Il y a une certaine ambivalence chez le spectateur face à ce genre de documentaires : il est à la fois gêné et curieux.

Et cela n’a rien de malsain. C’est normal d’avoir de la curiosité vis-à- vis des autres et de s’intéresser à leurs modes de vie.  Il peut y avoir de l’empathie pour ceux que l’on regarde et pas que de la moquerie. Et puis, on est fasciné par la différence sociale mais comme on peut être fasciné par les gens très riches aussi.

C’est la curiosité pour l’humain qui nous fait regarder mais il est vrai que quand on filme des gens et qu’ils se ridiculisent,  on peut se sentir mal pour eux et du coup, on a l’impression d’être complices des gens qui filment, d’où un malaise si on regarde.  D’un coup, on participe à quelque chose de l’ordre de la moquerie.  La bascule est fragile entre un regard banalisé et un regard de moquerie…et c'est vrai que l’on n’a pas envie d’être du côté des moqueurs.

Pourquoi  les témoins de ce genre de documentaire acceptent cet exercice ?

Ils n’ont pas l’habitude d‘intéresser les autres, souvent ce sont des gens qui pensent  qu’on ne les aime pas et qu’on ne leur donne pas la parole. Et là, avec un documentaire de la sorte,  on leur fait croire que cela change et  que leur vie est  intéressante. Pour que des gens qui n’ont pas l’habitude d’entrainer  l’attention d’autrui, ce genre de reportages est forcément plutôt bien accueilli.

 Les principaux témoins regrettent aujourd’hui d’avoir accepté : la télévision peut donc faire de gros dégâts ?

Oui c’est toujours possible, cela peut laisser des traces. Ils regrettent car il y a eu des réactions. Malgré tout, ce qui est intéressant, c’est  que quand on est filmé, on apprend sur soi. Les témoins ont découvert des choses sur eux, les impacts sont donc négatifs mais aussi positifs. Ils ont eu un nouveau regard sur eux,  c’est important.

Quelle réalité montre la télévision ?

La télévision n’a jamais montré la réalité, il faut arrêter de leurrer les gens. A partir du moment où il y a une mise en scène et un montage : c’est théâtralisé ! Le langage audiovisuel même montre que ce n’est  pas la réalité et c’est d’ailleurs pour cela que c’est intéressant. La réalité, on la connait donc pas besoin de la voir sur un écran.

Une télévision qui montrerait la réalité, c’est une utopie. De cette façon en plus,  elle se couvrirait des dégâts qu’elle pourrait produire sur les gens en se cachant derrière un « je montre la réalité ». On a souvent eu ce phénomène avec le journal télévisé.  Certains parents disent aux enfants que le journal c’est la réalité : c’est faux. Ce n’est pas ça que l’on voit quand on regarde à la fenêtre.

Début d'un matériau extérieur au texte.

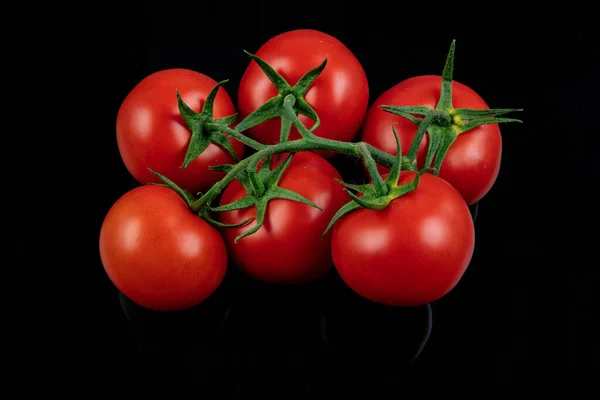 Tomates Vermelhos Frescos Sobre Fundo Preto — Fotografia de Stock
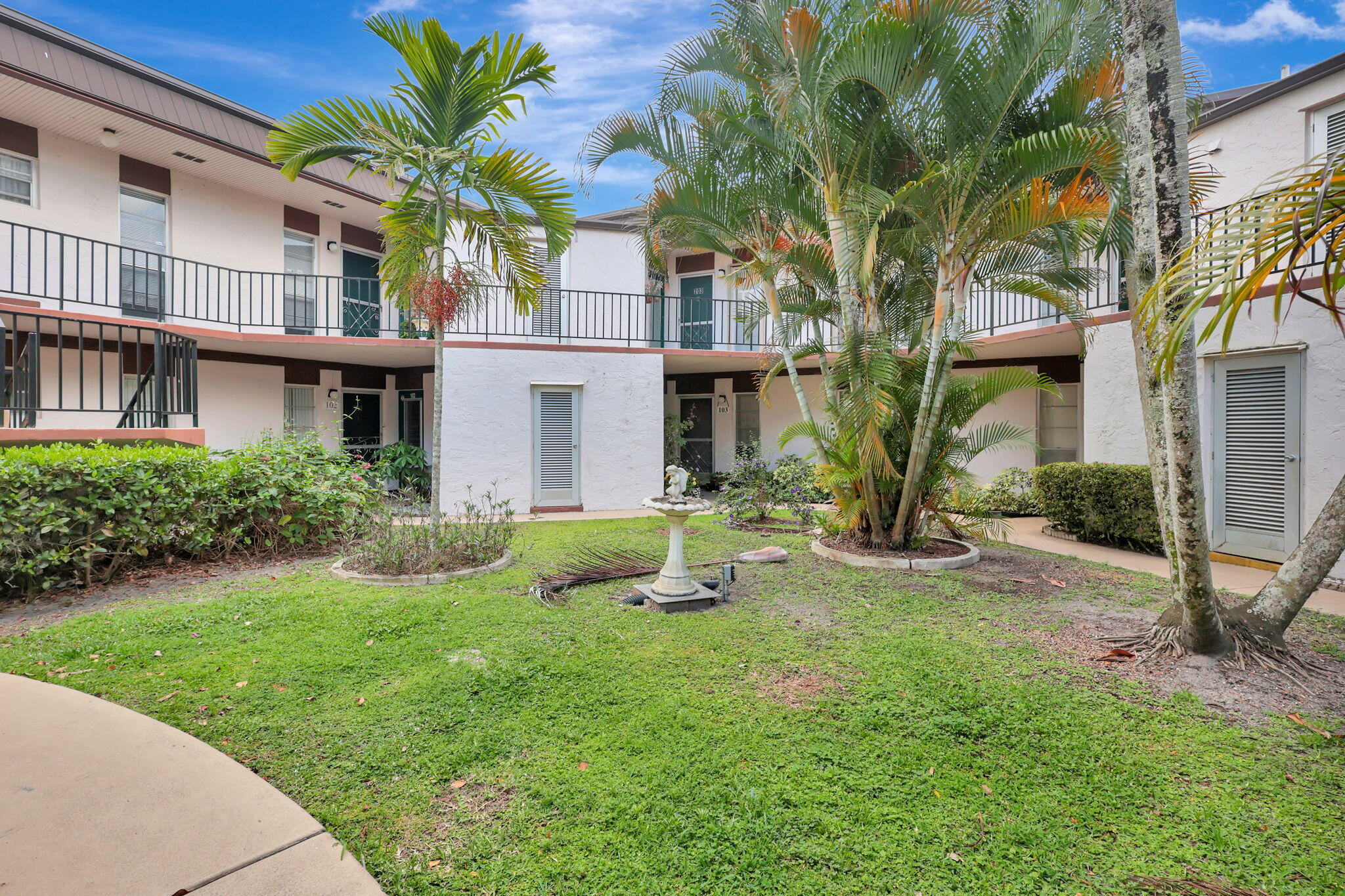 4 Greenway N 109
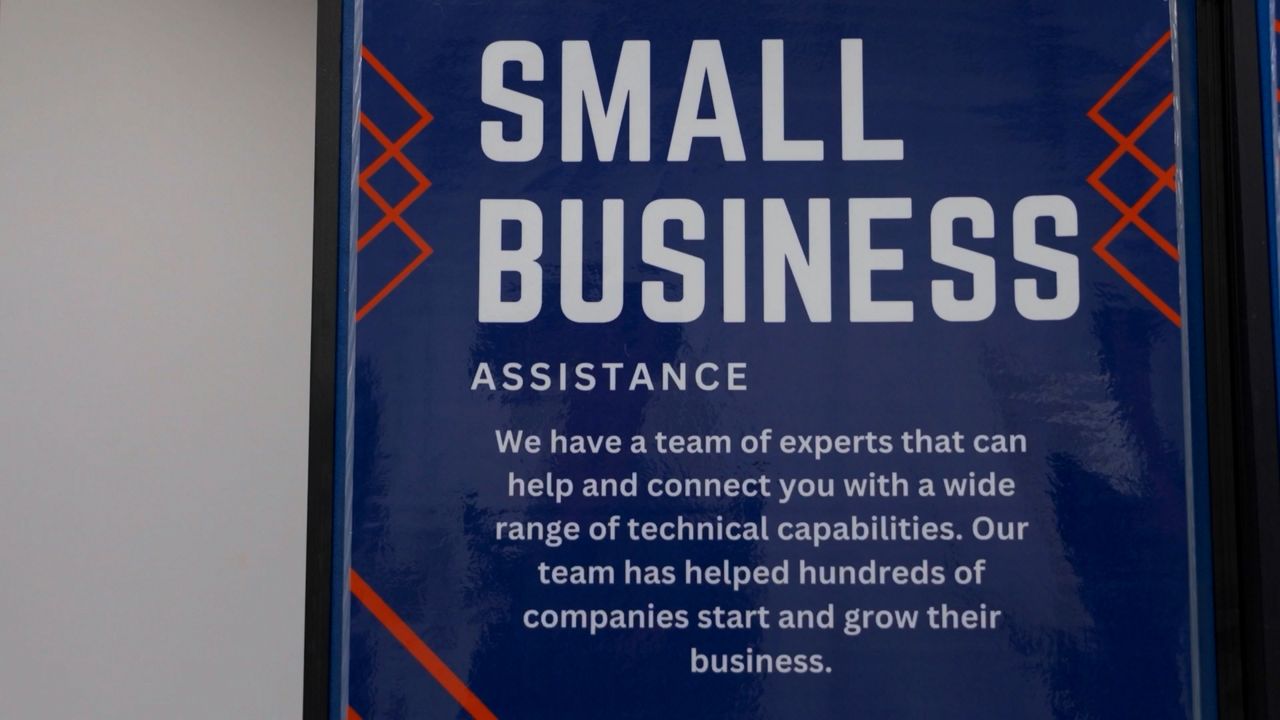 Ohio senators co-sponsor legislation to restore manufacturing program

La télévision, c’est  toujours un spectacle !! Je ne dis pas qu’il ne faut pas la regarder. Le véritable enjeu  c’est de savoir si  les acteurs sont au courant qu’ils sont dans un spectacle ou pas ! Les gens dans Strip-Tease pensaient qu’on filmait leur réalité alors qu’on montait un spectacle : c’est  là qu’il y a maldonne.

La télé réalité, c’est encore autre chose car les gens sont payés, ils savent depuis Loft Story qu’ils sont des comédiens et que malgré une vraie dose de spontanéité, il y a beaucoup de mises en scène. Dans Strip-Tease , on est avec des gens qui ne savent pas comment fonctionne l’audiovisuel. Ils n’avaient pas conscience que leur réalité allait être scénarisée et théâtralisée.